Fire Extinguisher Sign
Fire Extinguisher Sign
How to Use a Fire Extinguisher?
Most extinguishers work with the following P.A.S.S. technology:
PULL - Pull the pin. That will also break the tamping seal.
AIM - Aim low, pointing the fire extinguisher nozzle (or its horn or pipe) at the base of the fire.
SQUEEZE - Press the handle to release the fire extinguisher.
SWEEP - Sweep from one side to the other at the base of the fire until it looks like it's out. Watch the area. If the fire starts again repeat steps 2 - 4.
Working of Water Fire Extinguisher
When firefighters begin spraying water on the areas where the fire took place, the water cools the temperature of the fire. The fuel ignition temperature drops because of continuous water spraying, so the fuel can't burn anymore, so it keeps the fire from spreading. Water vapours block the oxygen supply at the fuel surface, thereby reducing the oxygen supply at the fuel surface.
Water Fire Extinguisher
Fire extinguishers are used to suppress fire. There are 5 types of fires and different types of fire extinguishers are used to suppress these different types of fires. Positive advancements in industrial fire safety have been brought about by a greater awareness of fire risk elements. The expense of industrial fire threats has dropped thanks to advances in loss control and fire prevention engineering.
FAQs on Fire Extinguisher - The Life Saviour
1. What are multipurpose extinguishers?
The majority of portable extinguishers are approved for use with several types of fire. For instance, a BC-rated extinguisher can be used to put out fires involving electrical equipment that is electrified and flammable substances.

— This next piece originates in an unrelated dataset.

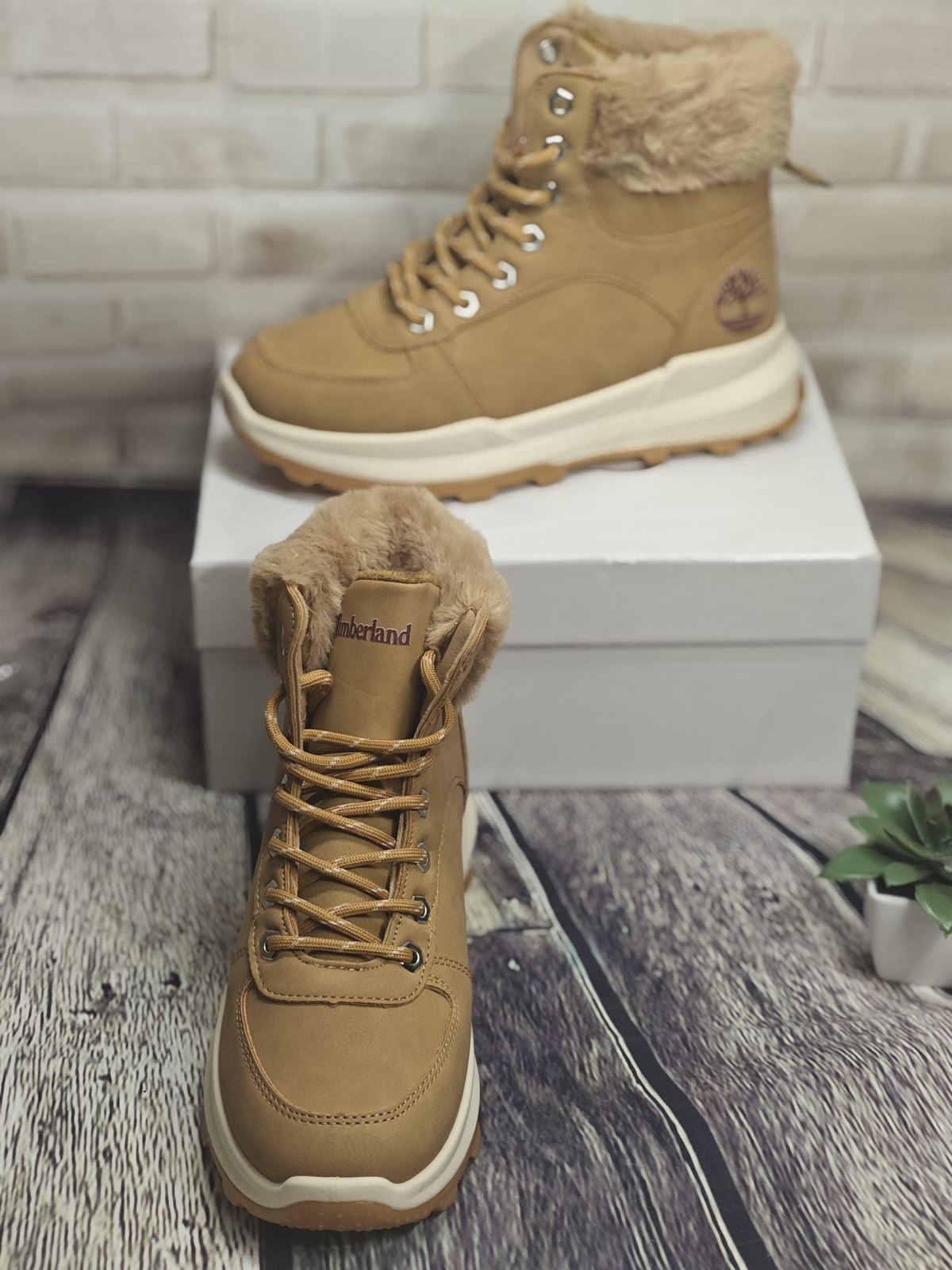 Bota timberland camel para mujer - Imagen 2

For use with fires involving common combustibles, flammable liquids, and powered electrical equipment, an extinguisher with an ABC rating is appropriate. A symbol for each kind of danger should be included on any extinguisher that is approved for use with multiple hazards. These are called multipurpose extinguishers.
2. What are Class K fires?
Grease made from animals or plants, as well as flammable cooking liquids like cooking oil, are the main sources of fuel for Class K fires. These liquids become volatile and quickly ignite when heated to high temperatures. They also spread quickly as a result of their great flammability.
Commercial kitchens, including restaurants but also corporate cafeterias, food trucks, bakeries, and other food enterprises, are where Class K fires are most likely to occur. Class K fire extinguishers should be provided for these establishments as part of a comprehensive fire safety strategy.
3. Give the conditions under which combustion occurs. Why is it harder to burn certain combustible substances than other ones?
Some combustible materials are more challenging to burn than others because they ignite at various temperatures. Some compounds burn more readily than others because they have lower ignition temperatures. When determining a substance's combustibility, the temperature at which it ignites is crucial.
To burn the fuel the following points are necessary:
The existence of something combustible, like coal, natural gas, or wood.
The availability of air to supply oxygen.
The fuel temperature may be raised above its ignition point using heat.